03-イギリスのスピリチュアリズム

スピリチュアリズムの大流行はすぐにイギリスへと伝わった。一八五二年十月に霊媒ヘイデン夫人が渡英・活動すると、新聞は大々的に報じ賛否両論が巻き起こった。様々な人が彼女のもとを訪れ真偽のほどを確かめようとしたが、その中から彼女の起こす心霊現象を真正なものと認め、霊の実在を受け入れた最初の学識者が出た。一人は数理論理学のオーガスタス・ド・モーガン(一八〇六―七一)であり、もう一人は協同組合運動の先駆者で、三大空想的社会主義者の一人とされる、ロバート・オーウェン(一七七一―一八五八)である。特にオーウェンの「入信」は彼の思想を信奉する労働者階級に大きな影響力を持った。
イギリス、そしてヨーロッパ諸国へのスピリチュアリズム伝播に、最も大きな影響力を発揮した存在は、「不世出の物理霊媒」ダニエル・ダングラス・ヒューム(Daniel Dunglas Home 一八三三―八六)である【4】。

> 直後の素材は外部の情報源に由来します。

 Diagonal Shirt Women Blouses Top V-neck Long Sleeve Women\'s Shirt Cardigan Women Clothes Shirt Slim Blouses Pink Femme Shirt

スコットランドに生まれ、アメリカで病弱な幼年期を過ごした彼は、十三歳の時に死亡した友人の霊姿を見、十七歳で母の死をやはり霊姿で知るなど、早くから霊能を発揮していた。ハイズヴィル事件の二年後(アメリカ在住時)、ポルターガイスト現象を起こし、複数の学者の調査によって現象の真実性が証明され、有名になる。エドマンズ判事や化学者ヘアらも、彼の現象に大きな影響を受けた。

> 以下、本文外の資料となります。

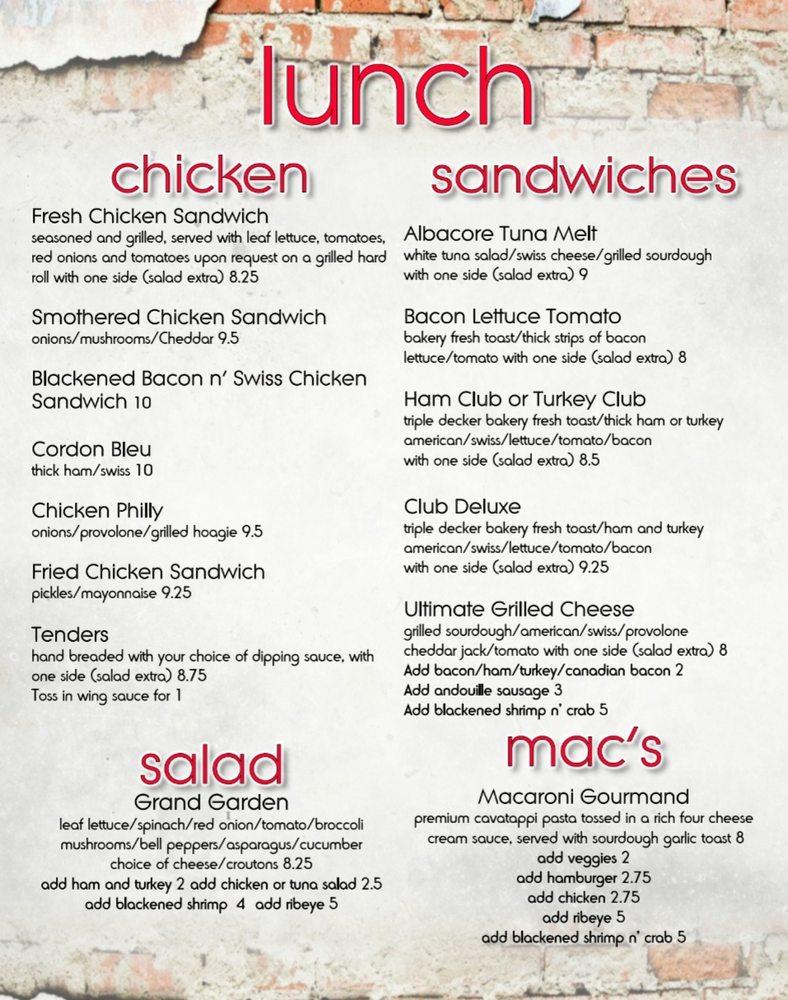 Menu at Café One restaurant, Ormond Beach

一八五五年に英国に戻った彼は、貴族階級を中心とした様々な人物のもとで交霊会を行ない、物体浮揚、物質化現象(霊の手や体などが出現する現象)や直接書記(紙や石板に文字が出現する現象)を始めとする多様な現象を起こして見せた。多くの「真実と認める証言」が発表される一方、中傷・誹謗の嵐も起こったが、彼はくじけることなく活動を続け、さらにヨーロッパ各地を旅し、王侯貴族の間にスピリチュアリズムを広めていく。フランスではナポレオン三世がテュイルリー宮殿で交霊会を開き、テーブルの上に手が突然現われ、ナポレオン一世のサインをしたのを目撃した。バイエルン国王マクシミリアン二世もフォンテーヌブローで行なわれた交霊会に参加した。イタリアでは旧ナポリ王、オランダではソフィア女王、ロシアでは皇帝アレクサンドル二世が、彼を招待し、その現象を目撃した。社交界の花形となった彼は一八五八年にはロシア貴族の娘と結婚、式にはトルストイ、アレクサンドル・デュマらも出席した。霊媒(霊能者)がこのような扱いを受けることは、現代では考えられない[Fodor, 1933, pp.171-175]。

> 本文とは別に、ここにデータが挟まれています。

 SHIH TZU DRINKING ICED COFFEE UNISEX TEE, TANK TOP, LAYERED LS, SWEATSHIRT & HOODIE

ヒュームの偉大さは、第一には彼を媒介にして「霊」が引き起こす現象の多彩さであった。「物体浮揚」や「物質化現象」、音・芳香・光などの発生、さらにはアコーディオンがひとりでに音楽を奏でたり、焼けた石炭を素手で持ったり、自らの体を全体的に数十センチ引き延ばしてみせたり、天井近くまで浮き上がる、といったことである。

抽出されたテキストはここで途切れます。